Continuing with another trend, the advisers to the current deal -- HSBC for PCRD, UBS for PCCW and the Royal Bank of Scotland for China Netcom -- will not book a success fee on the deal. China Netcom owns 19.8% of PCCW and was acting together with Li with regard to the privatisation.
Some specialists believe that Li's track record of trying to extract value out of his investments over the past three years may have formed an unfavourable backdrop for yesterday's ruling.
On Monday PCCW announced calendar 2008 results, which showed an increase in revenues by 7% and Ebitda by 3%. However net profit fell by 15%, mostly on account of one-off items (deficit on revaluation and restructuring costs accounting for the majority).
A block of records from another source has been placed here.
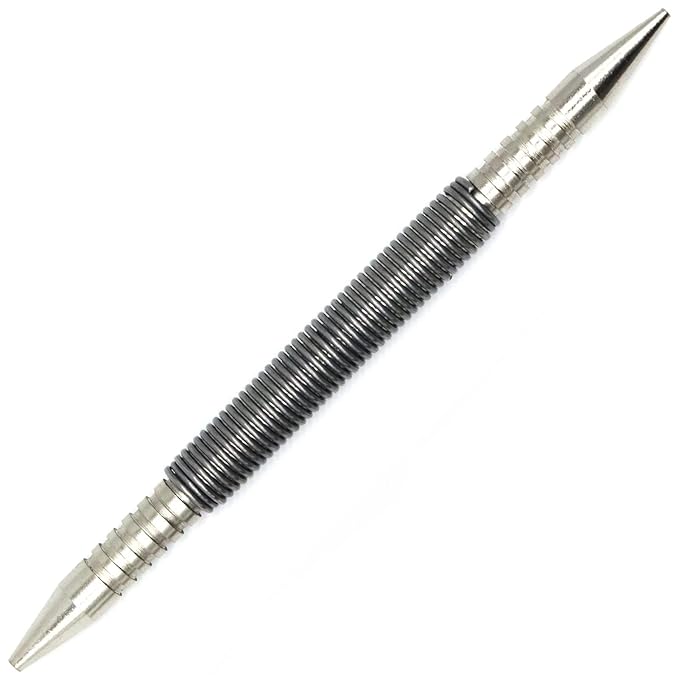 Dual Head Nail Setter, Hammerless 1/32?? 1/16??Spring Nail Set, 3500 PSI Striking Force Counter Punch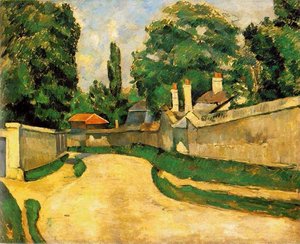 Houses Along A Road — Paul Cézanne, Post-impressionism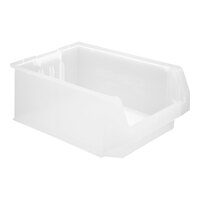 Quantum Magnum 19 3/4" x 12 3/8" x 7 7/8" Clear Storage Tote Bin QMS532CL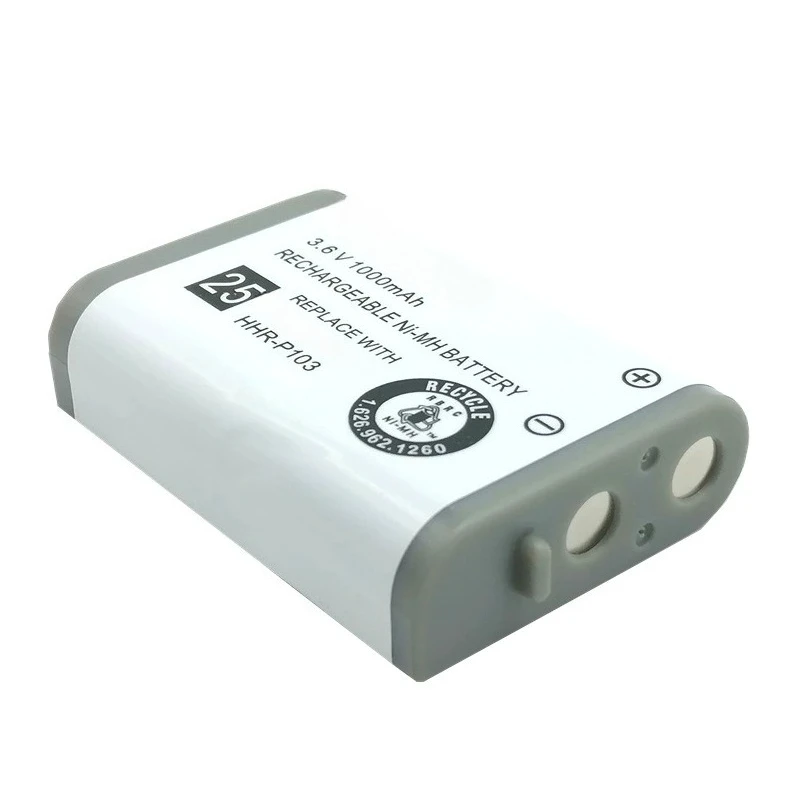 HHR-P103 HHRP513A Type25 for Panasonic Cordless Phone Handset 3.6V 1000mAh Ni-MH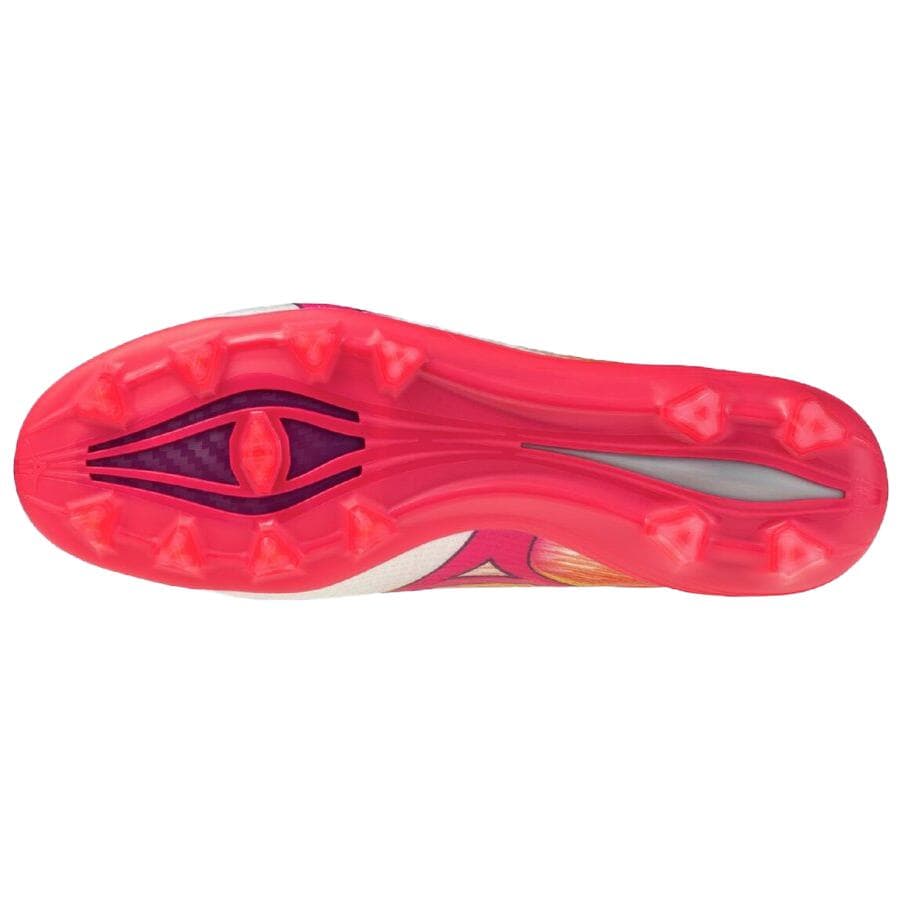 Кроссовки для футбола Mizuno Alpha 3 FG Твердый Грунт Футбольные Бутсы Унисекс Розовый Белый - изображение 4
Standard & Poor's subsequently revised the outlook on Hong Kong Telecommunications, the core operating subsidiary of PCCW, to negative from stable.
PCCW shares last traded at HK$4.12 before they were suspended on April 15. Arbitrageurs have not been active in the stock given the overhang that the proposal could be rejected and seem to have made the right call. Minority shareholders can probably expect the shares to start falling when they resume trading.
But it is not all gloom and doom. "This is a good day for corporate governance in Hong Kong," says Webb, going on to suggest that Hong Kong legislators should now amend the laws to remove the headcount requirement. "Although the court has condemned vote-rigging, people will still be tempted to try more subtle ways to split their votes, including pre-emptive splitting before privatisations are proposed, for example, by handing out registered shares to employees, so long as the law is there," he adds.